Angela Merkel und Edmund Stoiber betraten die Parlamentarische Gesellschaft schon kurz vor 19 Uhr. Gerhard Schröder und Franz Müntefering folgten ihnen wenige Minuten später über die Brücken-Verbindung zwischen dem Bundestagsbürogebäude und dem Abgeordneten-Club. Zu diesem Zeitpunkt kannte noch keiner die Antwort. Als sie auseinander gingen, blieb sie zumindest noch der Öffentlichkeit verborgen. Wer wird der nächste Bundeskanzler? Der amtierende Regierungschef und die drei Vorsitzenden von SPD, CDU und CSU wollen es mindestens bis Sonntagabend, wahrscheinlich bis Montagfrüh für sich behalten.
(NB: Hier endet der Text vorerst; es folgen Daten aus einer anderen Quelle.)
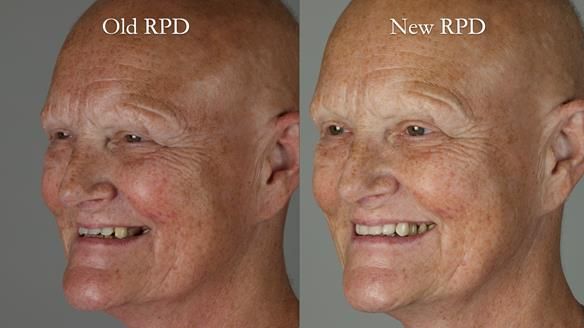 Newsletter 81 - Pam’s Story — how a partial denture changed her life (+ live walkthrough this Thursday)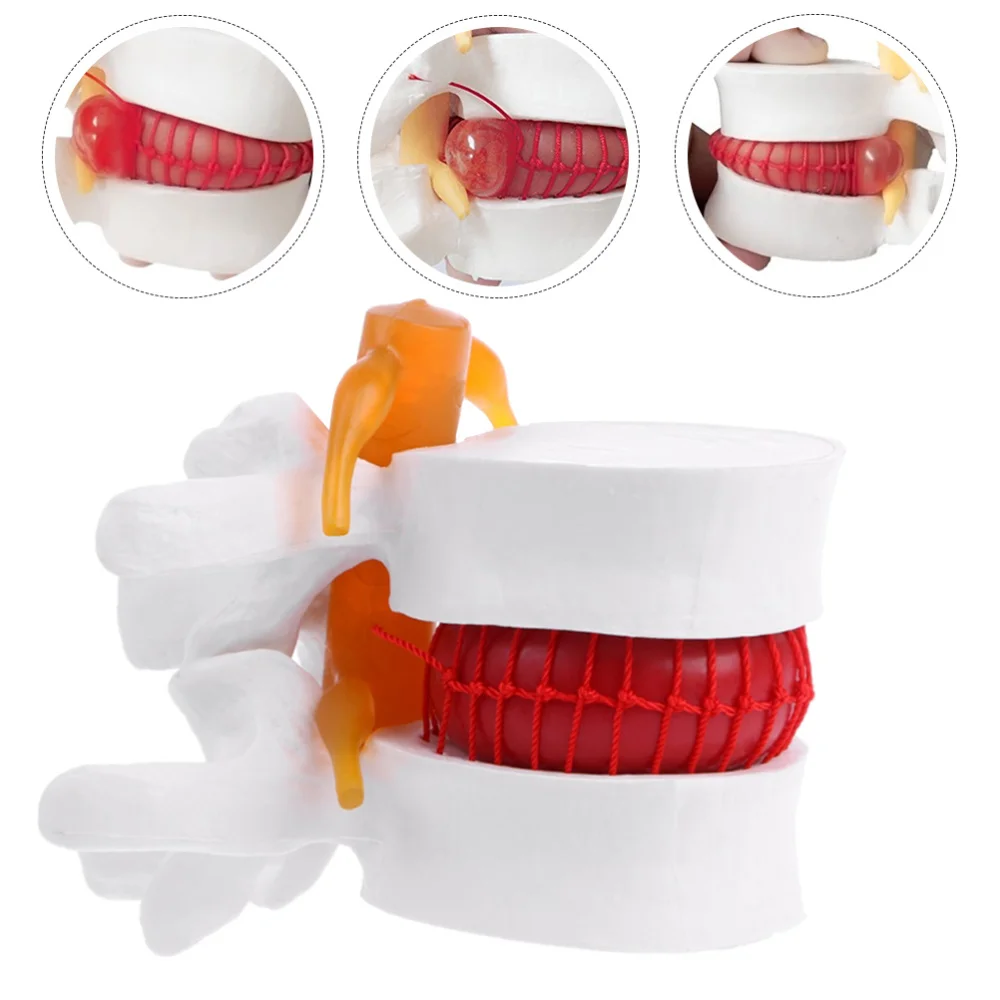 

1pc Human Spine Model Lumbar Disc Herniation Presentation Model for School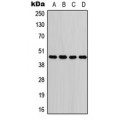 LifeSab™ GOT1 Rabbit pAb (50 µl)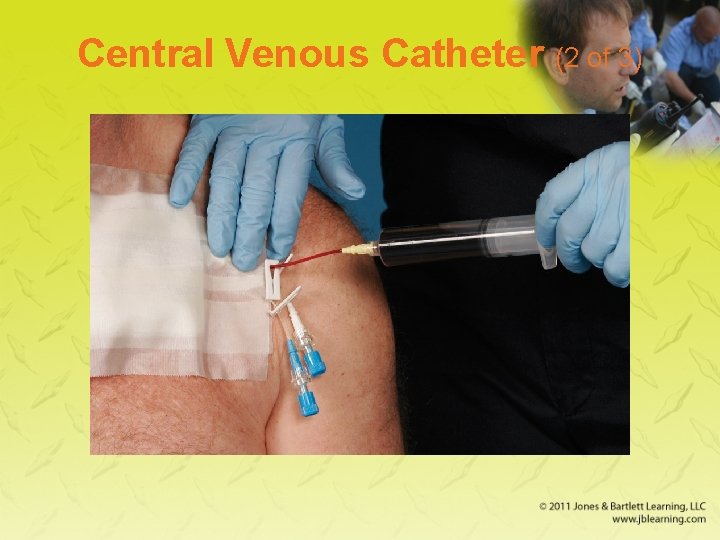 Central Venous Catheter (2 of 3) 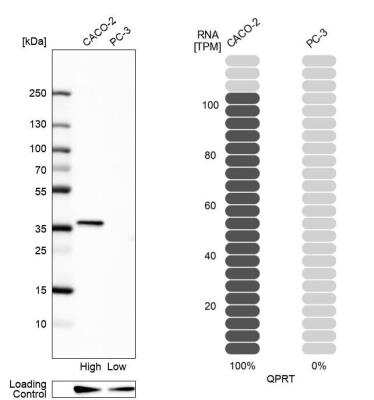 Western Blot: QPRT Antibody [NBP2-30544]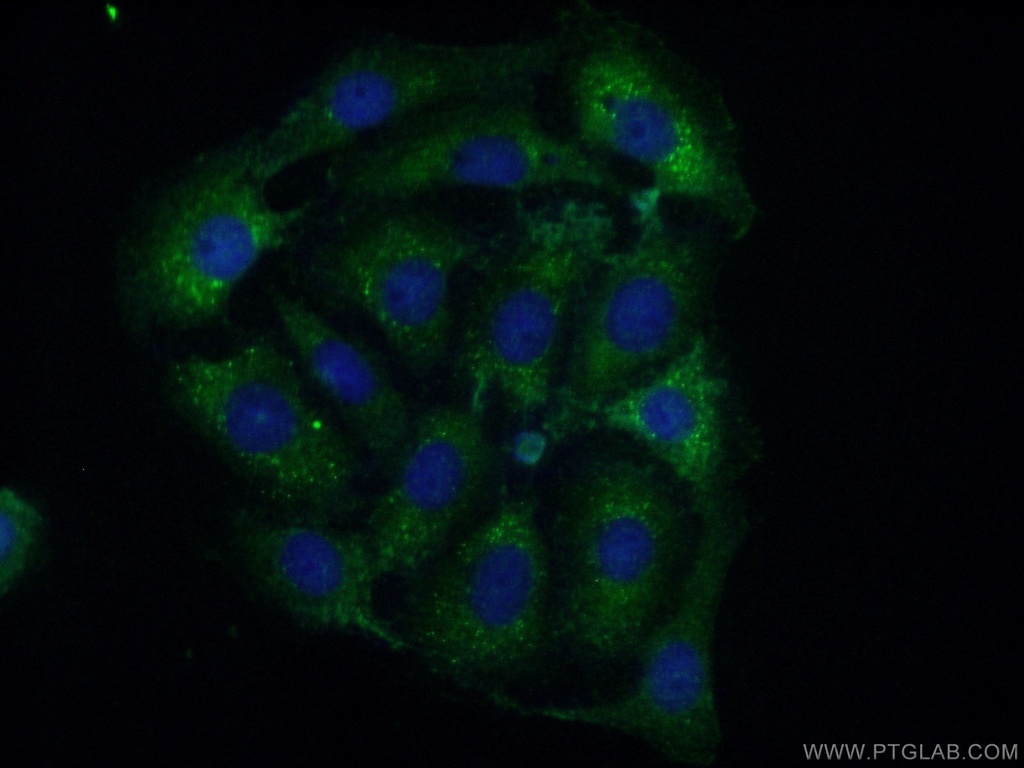 CPEB4 Polyclonal antibody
Angela Merkel hatte sich am Vormittag in Präsidium und Vorstand ihrer Partei ein weiteres Mal Rückendeckung geholt. Die Spitzengremien der CDU schlossen sich der Chefin in der Ansicht an, es sei „eine ausreichende Basis“ für Koalitionsverhandlungen mit der SPD vorhanden. Über den einsamen Merkel-Kritiker Friedrich Merz wurde dem Vernehmen nach nur am Rande gesprochen. Geschlossenheit sei das Erfolgsgeheimnis der Union, hieß es.
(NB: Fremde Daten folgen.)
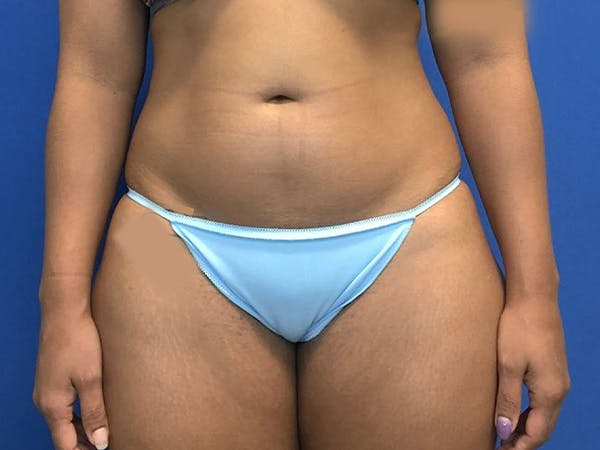 Liposuction Before & After Gallery - Patient 5069175 - Image 1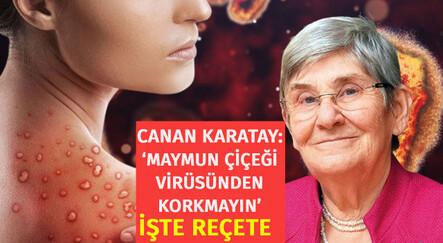 Canan Karatay’dan maymun çiçeği virüsü açıklaması: ‘Virüsten koruyor’ dediği ayrıntıya dikkat çekerek uyardı - saglik
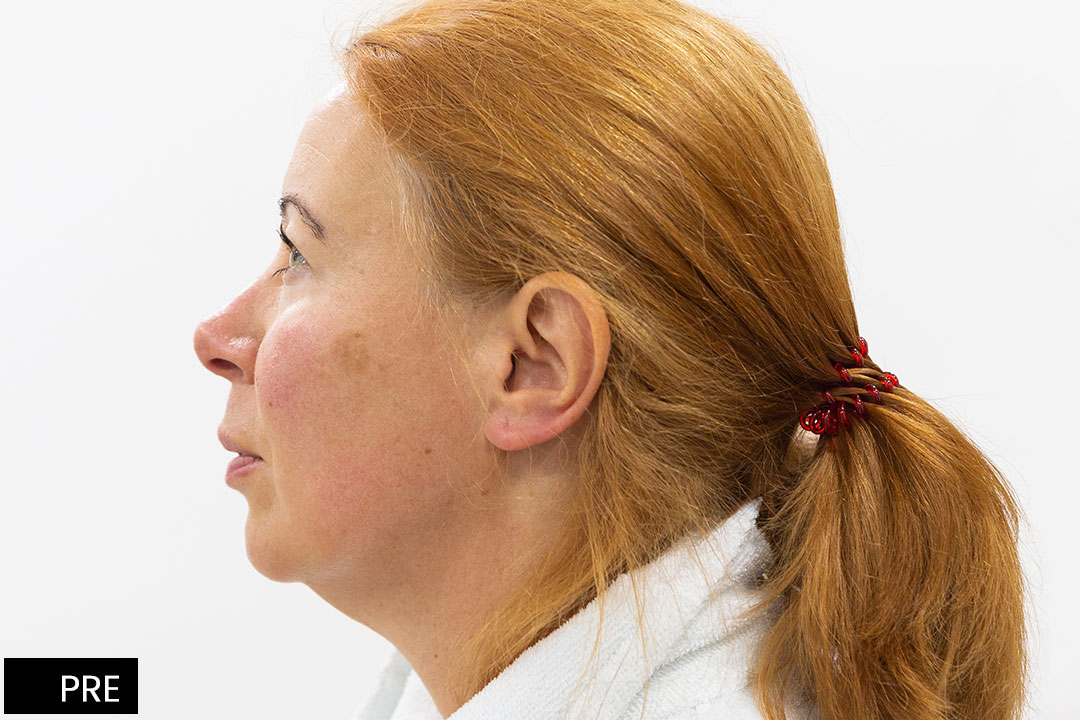 Lifting of the chin line and cheekbones- ©BT Aesthetic Surgery Center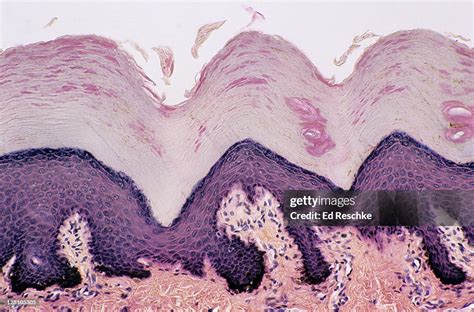 Skin Desquamation Dermis Sweat Gland Ducts And Desquamating Cells ...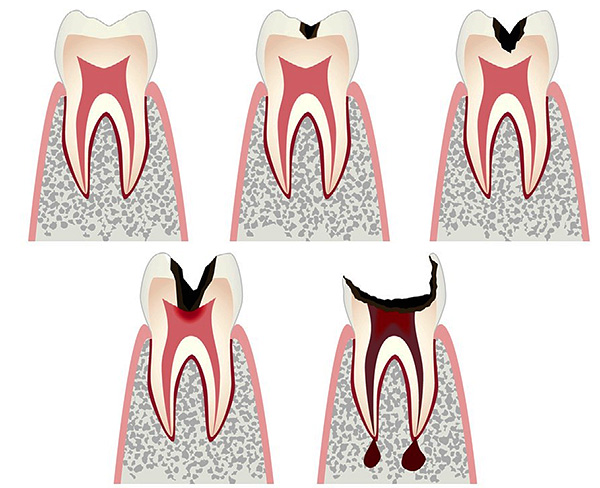 Les étapes du développement du processus carieux avec le passage aux complications - pulpite et parodontite.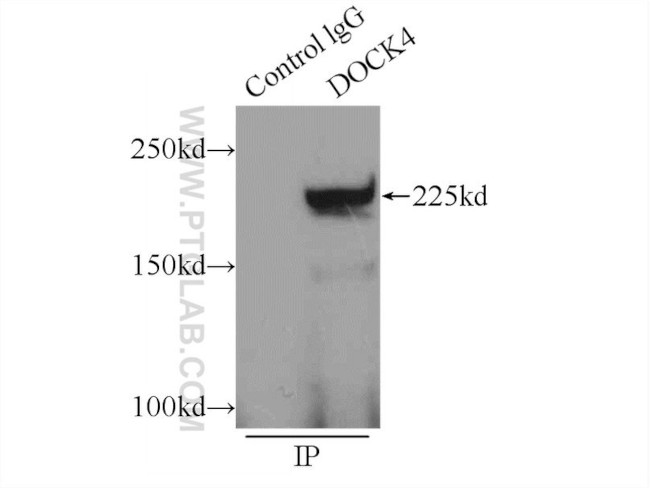 DOCK4 Antibody in Immunoprecipitation (IP)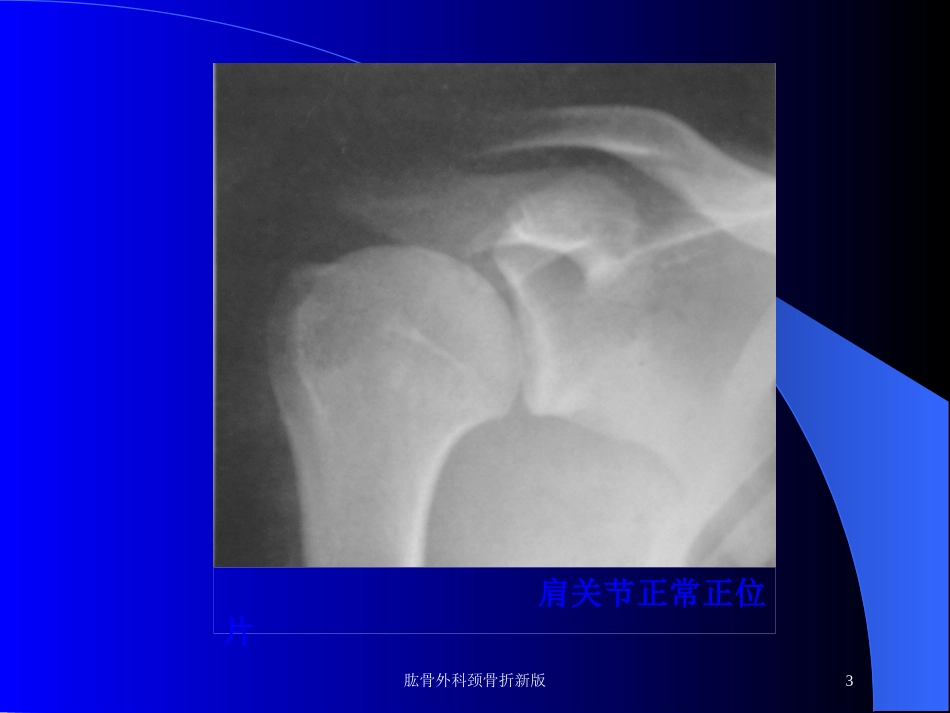 肱骨外科颈骨折新版培训课件.pptx_第3页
Merkel betonte, nachdem man in der Lageanalyse und der Zielformulierung mit den Sozialdemokraten übereinstimme, gehe es nur noch um die „Vertrauensgrundlage“. Zur Herstellung derselben war das „Acht-Augen-Gespräch“ für den Abend angesetzt worden. Und damit dessen Ergebnisse nicht übers Wochenende zerredet werden, hat man für Sonntag eine weitere Runde verabredet – und Stillschweigen noch dazu.

Den Gerüchten wachsen Beine

Was braucht man noch zur Vertrauensbildung? „Ein ganz klares Bekenntnis, dass man keine anderen Optionen mehr verfolgt“, sagte Merkel. Dies sicherte SPD-Chef Müntefering schon nach der Sitzung seiner Parteispitze zu.
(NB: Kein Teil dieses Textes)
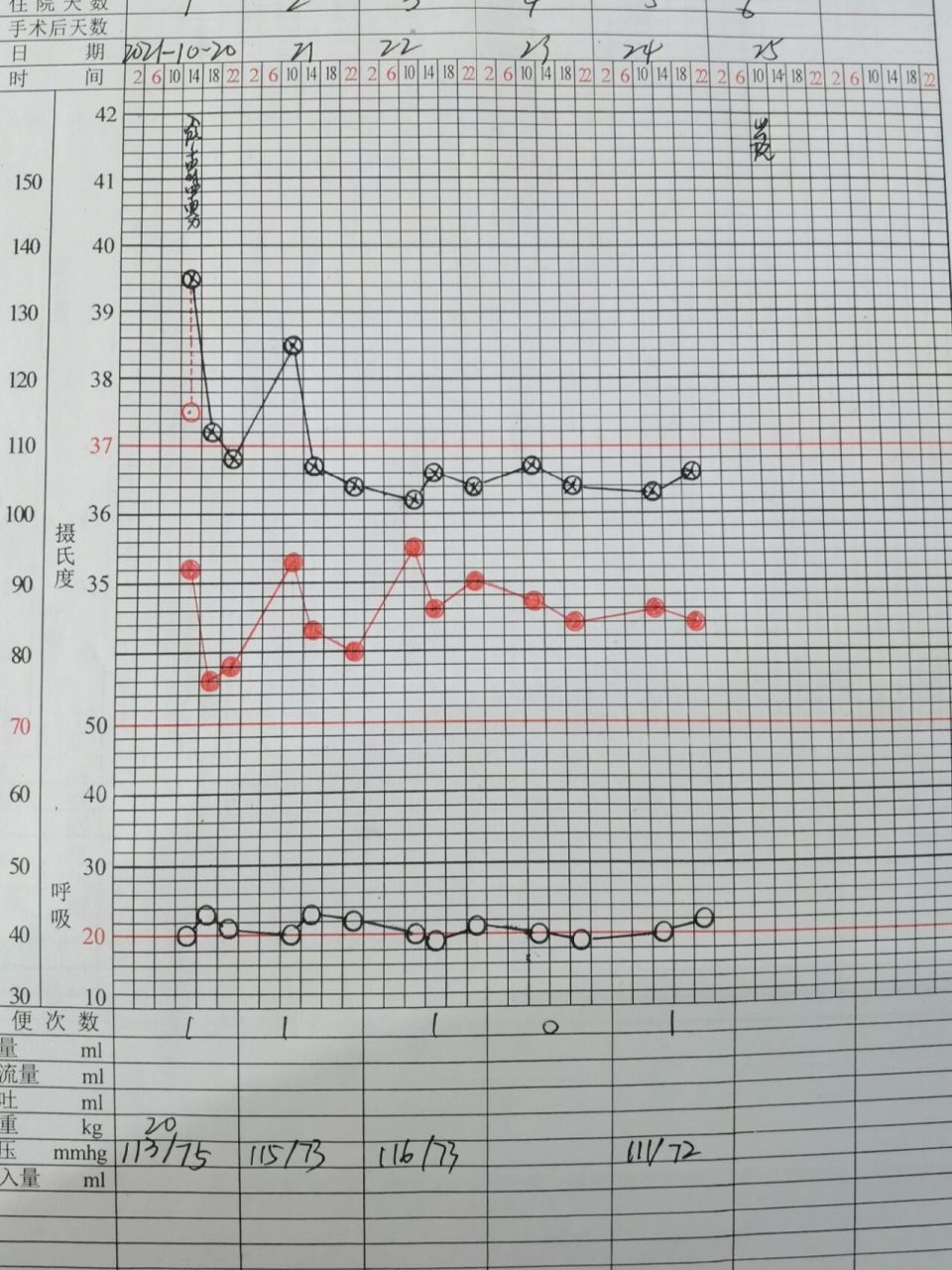 护士必备技能之画体温单 也许同样作为护士的你从来没见过这玩意儿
Aber was ist mit der Kanzlerfrage? Hat es etwas zu bedeuten, dass Merkel gestern nicht von ihren persönlichen Ansprüchen sprach? Und was heißt es, dass der niedersächsische CDU-Ministerpräsident Christian Wulff nur auf Nachfrage mitteilt, Merkel werde Kanzlerin, „weil sie die Kandidatin der Union ist“?

In Berlin hört man die Flöhe husten, und den Gerüchten wachsen Beine. Gerade wenn man eines abgeschüttelt zu haben glaubt, läuft es einem schon wieder hinterher. „Schreiben Sie Ihre Kommentare nicht zu früh“, riet daher Müntefering. „Man weiß nie, was kommt.“ Manchmal hätten „wir uns alle schon gewundert“.

In den Morgennachrichten wollte Edmund Stoiber laut einer niederbayerischen Zeitung noch Finanzminister werden. Im Mittagsmagazin wurde das genaue Gegenteil behauptet. Ein niedersächsisches Blatt hatte SPD-Kreise aufgetan, um die allbekannte Gewissheit, dass Hans Eichel nicht Finanzminister bleibe, als beinahe sensationelle Neuigkeit zu verkaufen.

Müntefering nahm die Spekulationen, in denen er auch schon als Vizekanzler auftauchte, gelassen. „Die Tatsache, dass man nicht alles dementiert, heißt nicht, dass alles stimmt.“ Ob denn stimme, dass der Bundeskanzler seine politische Karriere auch als Vizekanzler fortsetzen könne, wurde Familienministerin Renate Schmidt gefragt. Er habe im Parteivorstand gesagt, „als Staatssekretär steht er nicht zur Verfügung“, grinste sie: „Tschüss, Ihr Lieben.“ Ein SPD-Fraktionsvize ergänzte, das Vizekanzler-Gerücht sei „völliger Mumpitz“.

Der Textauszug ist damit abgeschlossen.